» REQUIRED WORK
Your copy of the listing must be exact and must hold no images.

» DATA PROVIDED
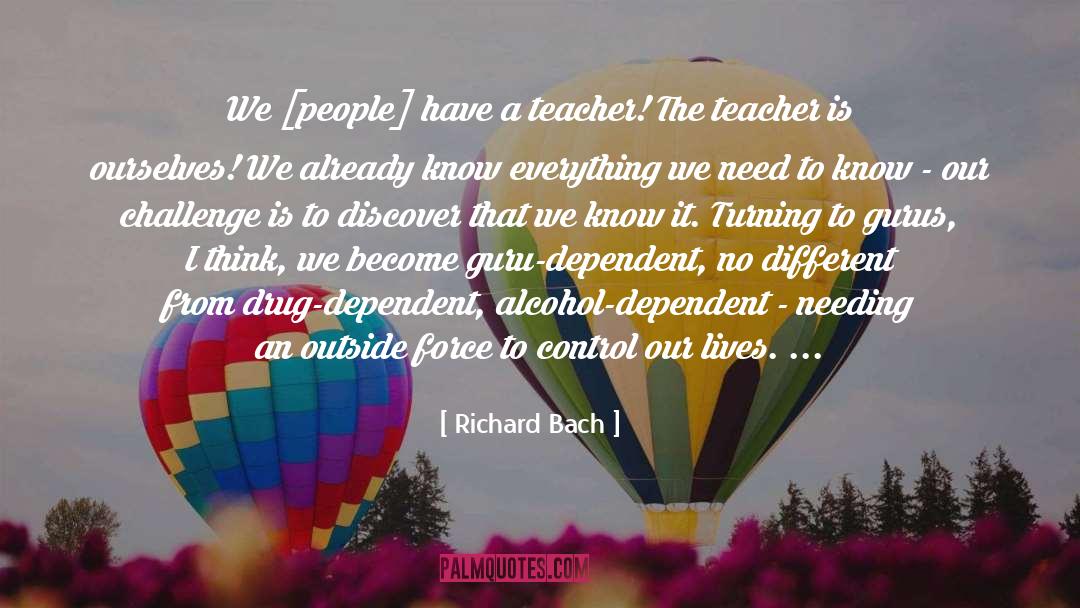 Richard Bach Quotes: We [people] have a teacher!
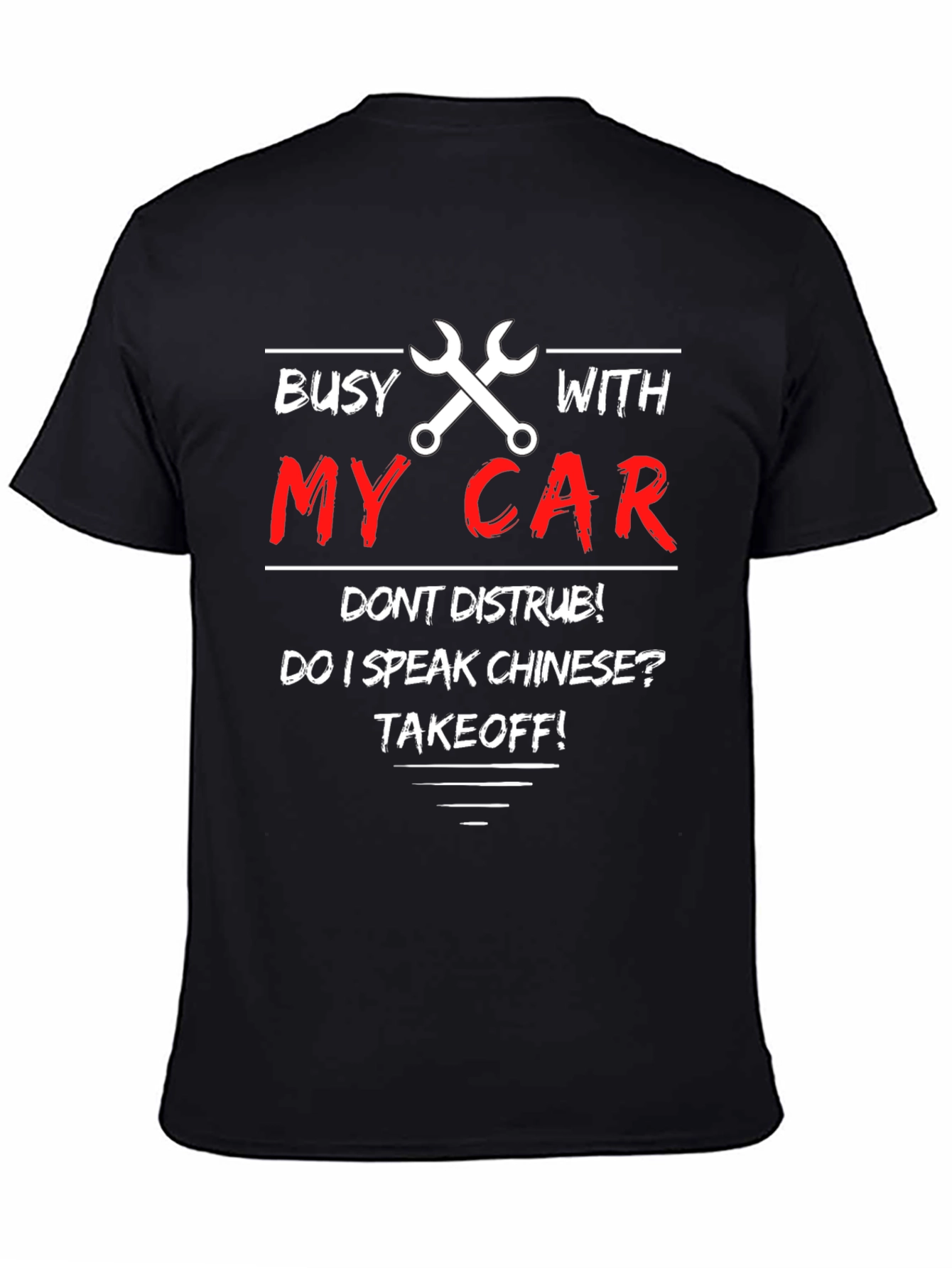 Busy With My Car T-Shirt - Dont Disturb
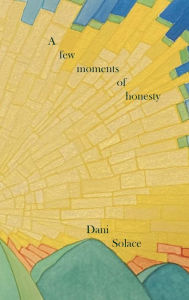 Title: A few moments of honesty, Author: Dani Solace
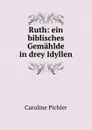 Ruth: ein biblisches Gemahlde in drey Idyllen - Caroline Pichler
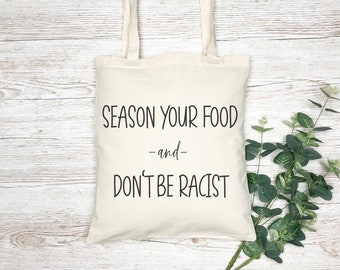 Don't Be Racist Tote Bag, Canvas Tote, Statement handbag, Black History Month, Gift for her, Eco Friendly Bag, Cotton gift, Gifts Under 20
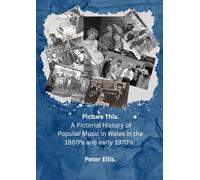 Picture This: A Pictorial History of Popular Music in Wales in the 1960's and early 1970's. (Welsh Rock & Pop of the 1960's & 1970's. A History.)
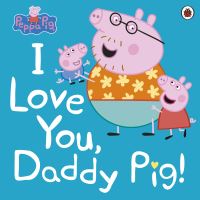 Book Cover for I Love You, Daddy Pig! by Lauren Holowaty, Neville Astley, Mark Baker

» EXERCISE RESPONSE
 Richard Bach Quotes: We [people] have a teacher!
 Busy With My Car T-Shirt - Dont Disturb
 Title: A few moments of honesty, Author: Dani Solace
 Ruth: ein biblisches Gemahlde in drey Idyllen - Caroline Pichler
 Don't Be Racist Tote Bag, Canvas Tote, Statement handbag, Black History Month, Gift for her, Eco Friendly Bag, Cotton gift, Gifts Under 20
 Picture This: A Pictorial History of Popular Music in Wales in the 1960's and early 1970's. (Welsh Rock & Pop of the 1960's & 1970's. A History.)
 Book Cover for I Love You, Daddy Pig! by Lauren Holowaty, Neville Astley, Mark Baker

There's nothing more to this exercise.